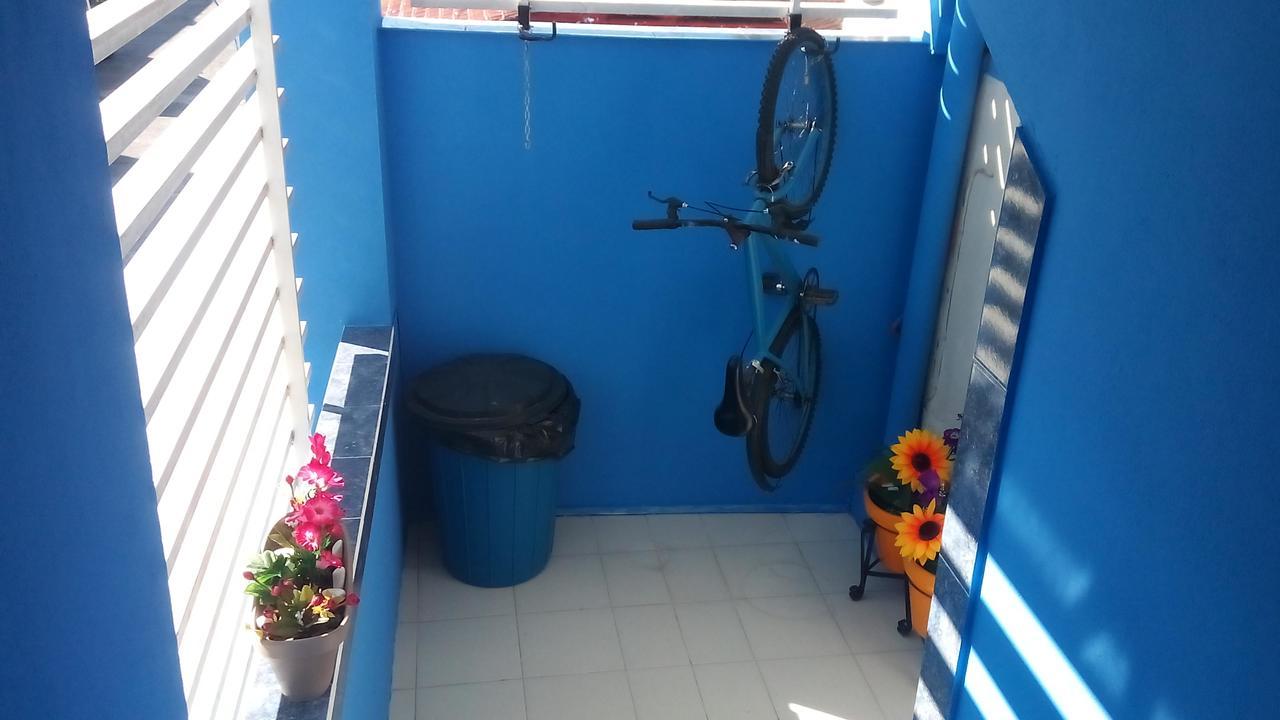 La Casa Azul Hostal Y Pension - Coatepec Xalapa Eksteriør bilde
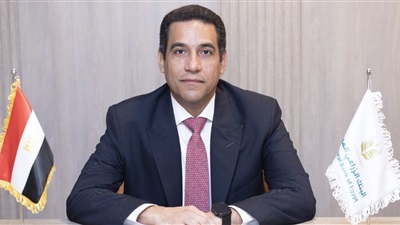 عبد العزيز مجدي رئيسًا لمجموعة أمن المعلومات بالبنك الزراعي المصري 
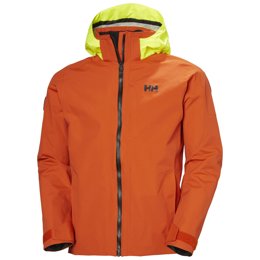 Archivo - Helly Hansen crea la chaqueta de los regatistas HP Storm Racing con Helly Tech Performance.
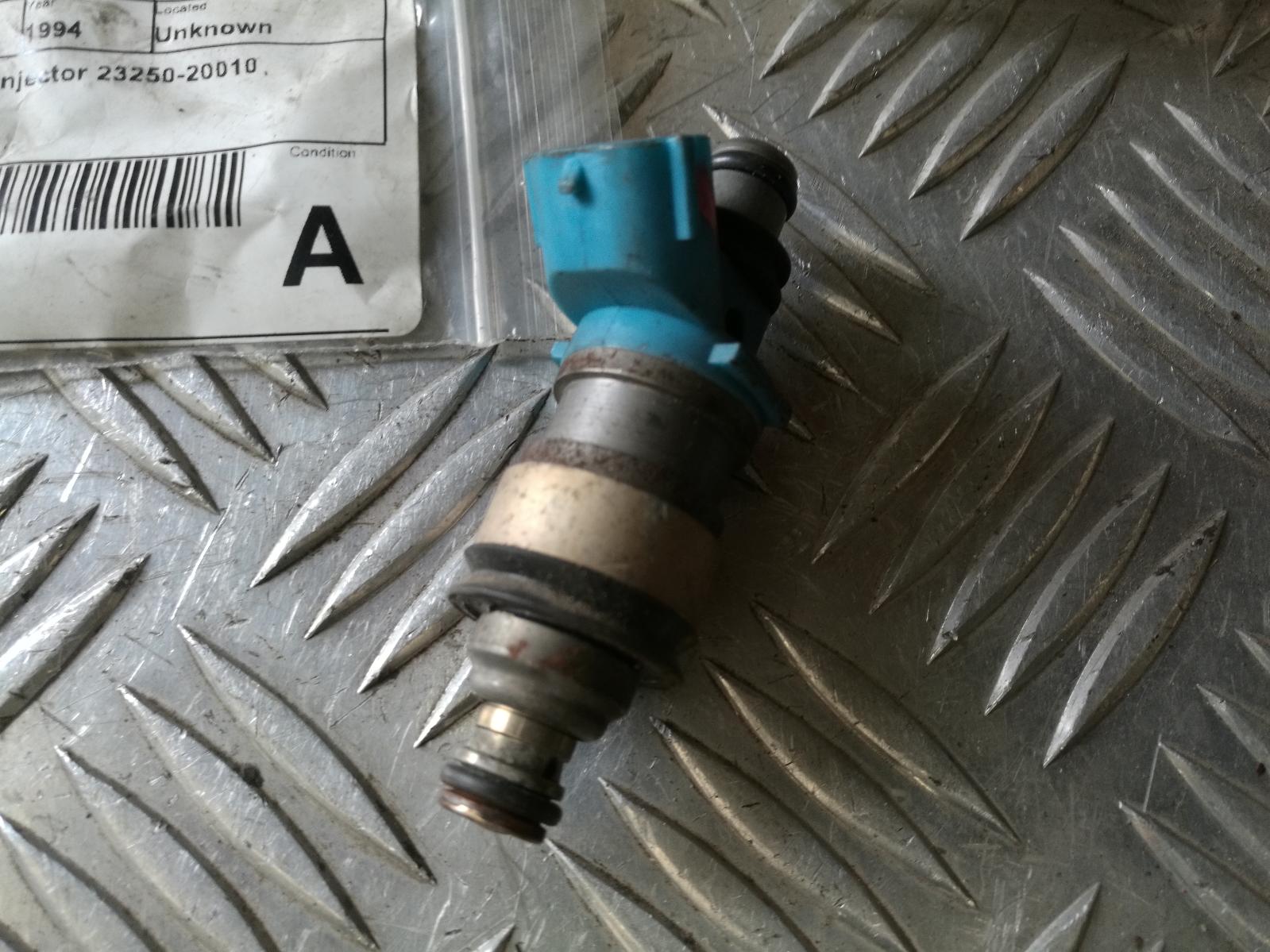 Fuel Injector Camry Toyota 1994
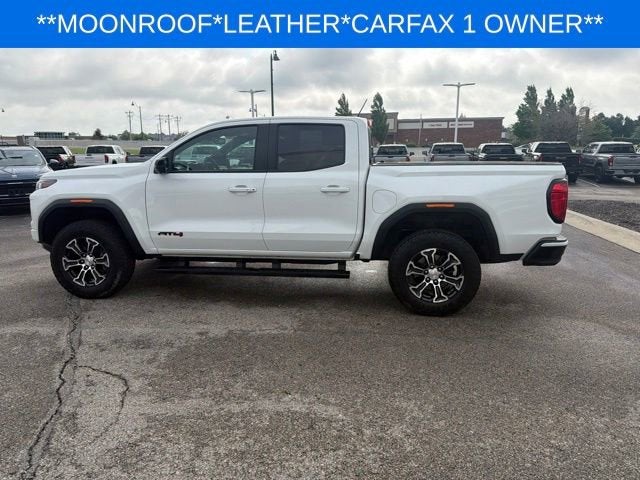 2024 GMC Canyon AT4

• [Prompt]
All lines from the one holding "عبد العزيز مجدي" through the last line of the records need to be copied exactly, both ends included, and the pictures left behind.

• [Task output]
 عبد العزيز مجدي رئيسًا لمجموعة أمن المعلومات بالبنك الزراعي المصري 
 Archivo - Helly Hansen crea la chaqueta de los regatistas HP Storm Racing con Helly Tech Performance.
 Fuel Injector Camry Toyota 1994
 2024 GMC Canyon AT4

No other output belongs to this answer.